A few months ago, we released a Python SDK for Dagger. This SDK makes it easy to develop CI/CD pipelines in Python and run them on any OCI-compatible container runtime. Since the release, we’ve been continuously updating the SDK by adding new features and making changes to improve the code quality. In this blog post, I’ll discuss the “why” and “how” of one of our most recent improvements: adopting Ruff as the linter for our Python code.
Ruff is a new Python linter that is very fast because it’s built in Rust. In its inaugural post “Python tooling could be much, much faster”, Charlie Marsh (Ruff’s creator) goes into more detail over how it works, tradeoffs, and implications, which I think is worth a read.
Charlie was one of our early Python SDK testers before we launched. At the time I noticed he built a new tool and checked it out. I found it interesting but, as an early project, it certainly didn’t cross my mind to use it in Dagger then.
A few weeks ago I came across a tweet from Charlie noting that Pandas was moving to Ruff and that caught my attention because Pandas is a very well known and popular Python project. I took another look and saw that several other popular open-source projects were using it as well. Some of which I’ve used, like FastAPI, Pydantic, Sphinx and Hatch.
There were other signs that pointed to Ruff’s growing popularity, including a tweet where PyPI (the Python packages repository) reported that the project had become critical (i.e., a project in the top one percent of downloads over the previous six months).
I thought it was time to give Ruff a try in Dagger, not because I was looking to solve a specific problem, but because I was curious. During experimentation, I found enough benefits to make the switch.
The Adopt Ruff PR demonstrates both a reduction in dependencies and numerous code improvements to satisfy the linter. Below, I’ll expand a bit more on what I found were the main benefits.
The main advantage of Ruff is its speed, but it wasn’t the deciding factor because our codebase is small, so linting time wasn’t a problem for us. Linting approximately 6500 lines of code in 40+ files used to take over 3 seconds. With Ruff, it takes approximately 0.03 seconds. That’s 100x faster.
The speed bump unexpectedly improved my productivity, because Ruff is fast enough to lint while editing code and provide immediate feedback. I used to run the linter in the terminal before committing, but Ruff has good documentation on supporting multiple environments and IDEs, which led me to set up ruff-lsp. Now, I get the warnings directly in my IDE, in real-time.
diff in lint dependencies and commands in the Adopt ruff PR
Reducing dependencies always feels good. This was a major advantage for us.
Like many Python projects, Dagger was using flake8 and isort to lint our codebase, as well as autoflake to automatically fix a few linting violations during formatting. Flake8 has a pluggable architecture, which means you need to install quite a few plugins if you want to cover more ground, adding to your dependencies.
Ruff has near feature parity with these tools and is implementing many popular flake8 plugins in its codebase, making them “batteries included”. So, your project has fewer dependencies, you get many more linting rules for free, and it all still runs faster.
With flake8, and even Ruff, you usually specifically select which rules you want to use for linting. With Dagger, I decided to take the opposite approach - excluding the ones I didn’t want but allowing everything else.
This means that when Ruff is updated (which usually results in more checks due to the implementation of more flake8 plugins), linting is likely to fail.

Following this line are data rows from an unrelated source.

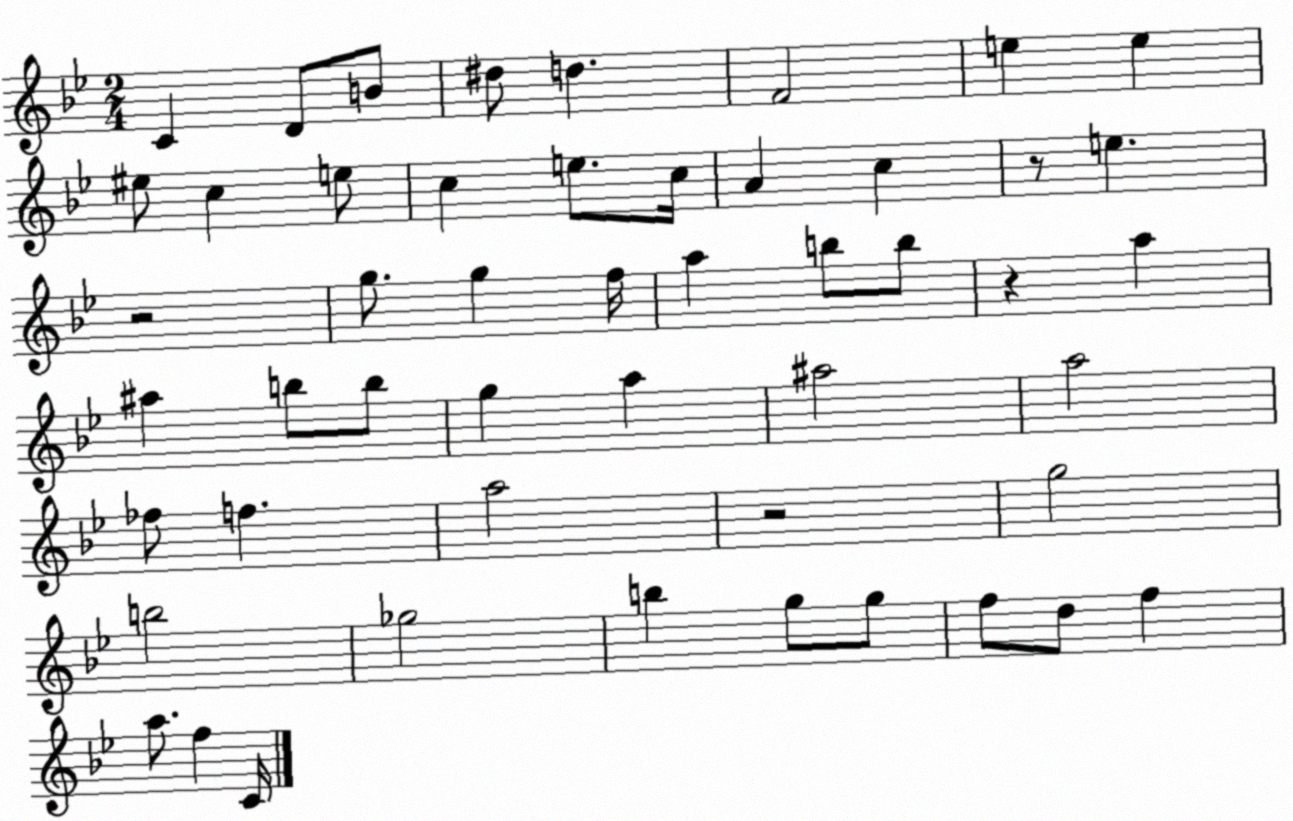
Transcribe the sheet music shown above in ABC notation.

X:1
T:Untitled
M:2/4
L:1/4
K:Bb
C D/2 B/2 ^d/2 d F2 e e ^e/2 c e/2 c e/2 c/4 A c z/2 e z2 g/2 g f/4 a b/2 b/2 z a ^a b/2 b/2 g a ^a2 a2 _f/2 f a2 z2 g2 b2 _g2 b g/2 g/2 f/2 d/2 f a/2 f C/4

But I like it that way since I get notified by GitHub’s dependabot automatically that there’s code that could probably be improved by following some best practice or avoiding a security or potential bug issue. That’s what linters are for.
Compared to the stagnation we had before, having only a short set of linter rules enabled, this is an easy win for continually improving the codebase.
Why not use a more performant language to write tooling for Python? Ruff started as a proof-of-concept to question the status quo. On one hand, it limits contribution by pythonistas but on the other hand, as a user of the tool, I do appreciate the fast execution and reduction of dependencies while still getting many more rules in return.
I’m looking forward to seeing how this project evolves and if it inspires even more performant tools to emerge as well.